(a) Upon the winding up of a limited partnership, the assets shall be distributed as follows:
(1) To creditors, including partners who are creditors, to the extent permitted by law, in satisfaction of liabilities of the limited partnership, whether by payment or by the making of reasonable provision for payment thereof, other than liabilities for distributions to partners under section 67-263 or 67-266;
(2) Except as provided in the partnership agreement, to partners and former partners in satisfaction of liabilities for distributions under section 67-263 or 67-266; and
(3) Except as provided in the partnership agreement, to partners first for the return of their contributions and secondly respecting their partnership interest, in the proportions in which the partners share in distributions.

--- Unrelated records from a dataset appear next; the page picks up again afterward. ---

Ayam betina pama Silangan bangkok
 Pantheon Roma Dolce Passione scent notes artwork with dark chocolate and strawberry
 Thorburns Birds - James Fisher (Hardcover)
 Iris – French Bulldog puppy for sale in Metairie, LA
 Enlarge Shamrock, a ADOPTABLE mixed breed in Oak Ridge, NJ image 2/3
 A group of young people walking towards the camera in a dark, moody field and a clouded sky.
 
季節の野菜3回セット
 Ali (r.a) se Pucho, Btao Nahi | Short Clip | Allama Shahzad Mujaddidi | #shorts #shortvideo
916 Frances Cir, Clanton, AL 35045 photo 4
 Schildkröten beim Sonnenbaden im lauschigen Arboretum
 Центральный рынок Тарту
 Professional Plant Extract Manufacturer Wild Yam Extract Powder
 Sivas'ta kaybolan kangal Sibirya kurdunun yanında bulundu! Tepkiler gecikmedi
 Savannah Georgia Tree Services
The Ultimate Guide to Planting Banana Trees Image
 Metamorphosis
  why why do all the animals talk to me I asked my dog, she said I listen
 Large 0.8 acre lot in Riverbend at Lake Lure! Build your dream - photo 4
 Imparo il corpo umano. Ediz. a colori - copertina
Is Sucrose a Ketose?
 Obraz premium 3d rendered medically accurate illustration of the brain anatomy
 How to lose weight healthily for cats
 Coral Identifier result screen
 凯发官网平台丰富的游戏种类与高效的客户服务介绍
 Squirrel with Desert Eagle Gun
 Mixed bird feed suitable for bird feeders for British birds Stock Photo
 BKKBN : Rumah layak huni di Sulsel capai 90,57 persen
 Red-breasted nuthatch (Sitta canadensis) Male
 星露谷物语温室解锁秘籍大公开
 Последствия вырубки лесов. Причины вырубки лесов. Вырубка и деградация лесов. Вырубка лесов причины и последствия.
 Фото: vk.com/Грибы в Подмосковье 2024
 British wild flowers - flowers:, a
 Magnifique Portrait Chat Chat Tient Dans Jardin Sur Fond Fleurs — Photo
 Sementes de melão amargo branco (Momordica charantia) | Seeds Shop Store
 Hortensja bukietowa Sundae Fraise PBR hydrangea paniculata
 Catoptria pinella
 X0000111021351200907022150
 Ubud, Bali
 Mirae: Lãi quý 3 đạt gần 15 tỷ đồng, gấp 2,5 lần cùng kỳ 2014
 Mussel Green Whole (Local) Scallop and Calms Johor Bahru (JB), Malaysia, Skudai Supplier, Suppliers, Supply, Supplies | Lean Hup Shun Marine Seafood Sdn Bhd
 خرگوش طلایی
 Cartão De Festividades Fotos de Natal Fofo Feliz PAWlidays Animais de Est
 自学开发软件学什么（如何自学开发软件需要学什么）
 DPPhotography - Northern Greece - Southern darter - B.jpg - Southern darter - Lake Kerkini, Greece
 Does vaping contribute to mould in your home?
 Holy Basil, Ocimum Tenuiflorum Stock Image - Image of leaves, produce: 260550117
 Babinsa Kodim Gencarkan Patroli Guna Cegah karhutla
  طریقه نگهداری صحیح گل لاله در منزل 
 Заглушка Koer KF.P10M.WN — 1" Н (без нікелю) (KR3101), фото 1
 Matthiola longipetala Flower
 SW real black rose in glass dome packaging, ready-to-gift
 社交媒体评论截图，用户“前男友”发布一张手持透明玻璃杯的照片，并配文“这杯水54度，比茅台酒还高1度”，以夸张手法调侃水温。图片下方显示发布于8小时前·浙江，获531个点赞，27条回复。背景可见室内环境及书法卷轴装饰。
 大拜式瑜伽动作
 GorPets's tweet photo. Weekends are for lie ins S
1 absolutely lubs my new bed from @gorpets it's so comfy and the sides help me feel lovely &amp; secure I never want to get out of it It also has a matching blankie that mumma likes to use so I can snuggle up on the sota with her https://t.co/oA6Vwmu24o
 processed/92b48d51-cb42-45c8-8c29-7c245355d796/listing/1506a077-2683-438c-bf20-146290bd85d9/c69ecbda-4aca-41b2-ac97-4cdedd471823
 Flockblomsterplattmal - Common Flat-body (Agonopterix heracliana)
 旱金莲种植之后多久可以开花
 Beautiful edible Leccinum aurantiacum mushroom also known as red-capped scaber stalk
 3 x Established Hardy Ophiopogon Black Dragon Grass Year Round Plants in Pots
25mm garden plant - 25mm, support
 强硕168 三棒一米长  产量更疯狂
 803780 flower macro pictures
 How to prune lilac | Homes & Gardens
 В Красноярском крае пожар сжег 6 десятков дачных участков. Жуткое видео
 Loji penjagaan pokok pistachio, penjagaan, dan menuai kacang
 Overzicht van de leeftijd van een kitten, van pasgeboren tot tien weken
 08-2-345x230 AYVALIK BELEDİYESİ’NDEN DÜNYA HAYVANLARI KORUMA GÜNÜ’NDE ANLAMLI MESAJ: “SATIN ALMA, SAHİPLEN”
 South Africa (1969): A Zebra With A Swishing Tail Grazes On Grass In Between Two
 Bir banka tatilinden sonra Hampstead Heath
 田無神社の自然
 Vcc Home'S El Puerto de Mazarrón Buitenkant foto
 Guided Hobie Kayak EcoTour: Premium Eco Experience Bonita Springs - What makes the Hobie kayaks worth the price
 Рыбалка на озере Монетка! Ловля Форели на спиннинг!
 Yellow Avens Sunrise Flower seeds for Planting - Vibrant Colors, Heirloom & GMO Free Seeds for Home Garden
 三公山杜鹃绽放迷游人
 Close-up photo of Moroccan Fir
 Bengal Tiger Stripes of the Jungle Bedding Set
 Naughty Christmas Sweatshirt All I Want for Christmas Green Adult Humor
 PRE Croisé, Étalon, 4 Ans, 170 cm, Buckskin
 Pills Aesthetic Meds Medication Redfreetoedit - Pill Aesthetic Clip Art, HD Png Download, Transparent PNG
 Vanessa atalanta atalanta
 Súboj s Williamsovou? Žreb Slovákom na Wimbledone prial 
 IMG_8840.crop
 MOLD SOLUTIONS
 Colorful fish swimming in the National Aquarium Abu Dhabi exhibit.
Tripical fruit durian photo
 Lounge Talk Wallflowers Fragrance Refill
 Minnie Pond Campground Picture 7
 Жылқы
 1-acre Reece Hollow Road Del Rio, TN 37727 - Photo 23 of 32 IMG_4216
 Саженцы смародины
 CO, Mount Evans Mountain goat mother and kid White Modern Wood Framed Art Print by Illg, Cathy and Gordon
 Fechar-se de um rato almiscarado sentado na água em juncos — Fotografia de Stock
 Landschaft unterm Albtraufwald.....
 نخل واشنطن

(b) A limited partnership which has dissolved shall pay or make reasonable provision to pay all claims and obligations, including all contingent, conditional, or unmatured claims and obligations, known to the limited partnership and all claims and obligations which are known to the limited partnership but for which the identity of the claimant is unknown. If there are sufficient assets, such claims and obligations shall be paid in full and any such provision for payment made shall be made in full. If there are insufficient assets, such claims and obligations shall be paid or provided for according to their priority and, among claims and obligations of equal priority, ratably to the extent of assets available therefor. Unless otherwise provided in a partnership agreement, any remaining assets shall be distributed as provided in the Nebraska Uniform Limited Partnership Act. Any liquidating trustee winding up a limited partnership's affairs who has complied with this section shall not be personally liable to the claimants of the dissolved limited partnership by reason of such person's actions in winding up the limited partnership.